Web page caption snippets:
#####

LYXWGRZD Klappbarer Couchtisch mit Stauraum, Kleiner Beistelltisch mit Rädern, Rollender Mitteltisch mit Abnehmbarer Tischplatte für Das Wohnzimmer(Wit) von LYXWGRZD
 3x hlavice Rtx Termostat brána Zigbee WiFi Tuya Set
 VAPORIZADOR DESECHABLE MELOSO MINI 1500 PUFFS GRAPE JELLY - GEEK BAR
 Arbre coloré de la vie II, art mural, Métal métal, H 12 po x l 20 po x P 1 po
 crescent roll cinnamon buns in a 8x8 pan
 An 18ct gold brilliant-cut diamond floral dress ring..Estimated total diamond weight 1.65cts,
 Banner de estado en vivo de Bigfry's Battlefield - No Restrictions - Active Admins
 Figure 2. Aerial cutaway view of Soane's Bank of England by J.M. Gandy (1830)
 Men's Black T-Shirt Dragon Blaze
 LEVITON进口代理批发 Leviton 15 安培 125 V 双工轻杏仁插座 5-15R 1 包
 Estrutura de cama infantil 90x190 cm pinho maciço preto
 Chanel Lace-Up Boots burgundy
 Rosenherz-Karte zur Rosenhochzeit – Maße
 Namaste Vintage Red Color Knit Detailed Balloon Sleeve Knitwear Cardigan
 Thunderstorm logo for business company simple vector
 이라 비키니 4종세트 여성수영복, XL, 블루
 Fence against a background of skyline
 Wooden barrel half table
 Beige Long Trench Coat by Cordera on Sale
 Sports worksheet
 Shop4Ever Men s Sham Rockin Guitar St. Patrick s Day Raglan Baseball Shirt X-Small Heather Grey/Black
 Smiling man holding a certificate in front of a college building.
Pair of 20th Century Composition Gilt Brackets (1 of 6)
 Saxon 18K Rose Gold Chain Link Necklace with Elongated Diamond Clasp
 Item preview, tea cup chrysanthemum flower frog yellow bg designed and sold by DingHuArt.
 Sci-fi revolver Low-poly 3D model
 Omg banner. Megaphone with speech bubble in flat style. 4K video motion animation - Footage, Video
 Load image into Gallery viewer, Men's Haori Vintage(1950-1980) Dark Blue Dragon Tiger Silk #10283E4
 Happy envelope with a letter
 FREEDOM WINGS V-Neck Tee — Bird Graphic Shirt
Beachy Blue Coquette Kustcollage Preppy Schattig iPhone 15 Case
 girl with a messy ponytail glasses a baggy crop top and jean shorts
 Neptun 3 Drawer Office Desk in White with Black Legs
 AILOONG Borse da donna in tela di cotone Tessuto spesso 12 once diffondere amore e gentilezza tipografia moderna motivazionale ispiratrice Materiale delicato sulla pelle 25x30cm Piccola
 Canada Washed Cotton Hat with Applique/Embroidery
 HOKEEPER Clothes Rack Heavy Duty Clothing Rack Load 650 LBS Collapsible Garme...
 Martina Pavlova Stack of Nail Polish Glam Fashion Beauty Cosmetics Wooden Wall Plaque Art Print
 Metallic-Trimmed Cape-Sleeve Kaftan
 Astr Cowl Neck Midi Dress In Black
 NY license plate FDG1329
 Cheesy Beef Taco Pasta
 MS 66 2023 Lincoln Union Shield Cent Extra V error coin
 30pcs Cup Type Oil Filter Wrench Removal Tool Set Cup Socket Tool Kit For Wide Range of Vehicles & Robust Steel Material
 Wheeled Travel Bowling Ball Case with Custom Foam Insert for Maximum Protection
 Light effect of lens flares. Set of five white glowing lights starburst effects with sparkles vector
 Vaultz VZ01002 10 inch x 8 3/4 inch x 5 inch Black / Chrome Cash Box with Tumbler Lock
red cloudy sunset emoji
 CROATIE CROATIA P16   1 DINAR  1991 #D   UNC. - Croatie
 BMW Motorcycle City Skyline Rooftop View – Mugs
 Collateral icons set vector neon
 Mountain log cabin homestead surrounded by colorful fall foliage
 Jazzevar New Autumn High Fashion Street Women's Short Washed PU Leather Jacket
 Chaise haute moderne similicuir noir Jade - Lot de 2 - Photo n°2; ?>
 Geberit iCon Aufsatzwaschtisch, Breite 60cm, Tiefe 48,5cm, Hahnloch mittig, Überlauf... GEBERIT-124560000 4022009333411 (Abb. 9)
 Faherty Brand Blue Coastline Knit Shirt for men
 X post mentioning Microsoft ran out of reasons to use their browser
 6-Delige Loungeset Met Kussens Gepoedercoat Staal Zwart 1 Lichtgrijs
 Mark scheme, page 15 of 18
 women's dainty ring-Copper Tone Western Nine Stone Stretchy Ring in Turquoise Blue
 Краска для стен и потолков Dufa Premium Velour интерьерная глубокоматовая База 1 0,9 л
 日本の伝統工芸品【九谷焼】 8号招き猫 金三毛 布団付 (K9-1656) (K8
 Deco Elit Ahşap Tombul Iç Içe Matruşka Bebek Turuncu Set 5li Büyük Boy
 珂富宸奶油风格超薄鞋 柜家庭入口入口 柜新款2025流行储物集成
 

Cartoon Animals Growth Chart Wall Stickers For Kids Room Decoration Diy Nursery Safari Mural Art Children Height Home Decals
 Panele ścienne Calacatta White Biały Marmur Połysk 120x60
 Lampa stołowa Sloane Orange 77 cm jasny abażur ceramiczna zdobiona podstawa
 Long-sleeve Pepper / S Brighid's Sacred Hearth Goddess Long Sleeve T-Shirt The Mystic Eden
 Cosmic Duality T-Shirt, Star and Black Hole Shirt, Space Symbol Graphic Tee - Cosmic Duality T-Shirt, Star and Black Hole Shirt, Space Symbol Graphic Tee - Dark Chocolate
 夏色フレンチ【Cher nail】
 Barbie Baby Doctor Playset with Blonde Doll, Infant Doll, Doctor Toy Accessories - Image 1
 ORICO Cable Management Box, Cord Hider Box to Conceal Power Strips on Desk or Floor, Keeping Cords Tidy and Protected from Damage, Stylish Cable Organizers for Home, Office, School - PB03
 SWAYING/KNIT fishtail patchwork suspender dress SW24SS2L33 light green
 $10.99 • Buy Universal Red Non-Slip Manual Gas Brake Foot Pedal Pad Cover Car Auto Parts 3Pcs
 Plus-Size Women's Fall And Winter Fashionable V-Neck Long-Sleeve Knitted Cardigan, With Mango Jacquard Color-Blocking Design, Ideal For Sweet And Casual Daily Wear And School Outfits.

#####

DIRECTIONS
Which lines of the data include "Wall"? Copy each of them.

YOUR SOLUTION
 Martina Pavlova Stack of Nail Polish Glam Fashion Beauty Cosmetics Wooden Wall Plaque Art Print
Cartoon Animals Growth Chart Wall Stickers For Kids Room Decoration Diy Nursery Safari Mural Art Children Height Home Decals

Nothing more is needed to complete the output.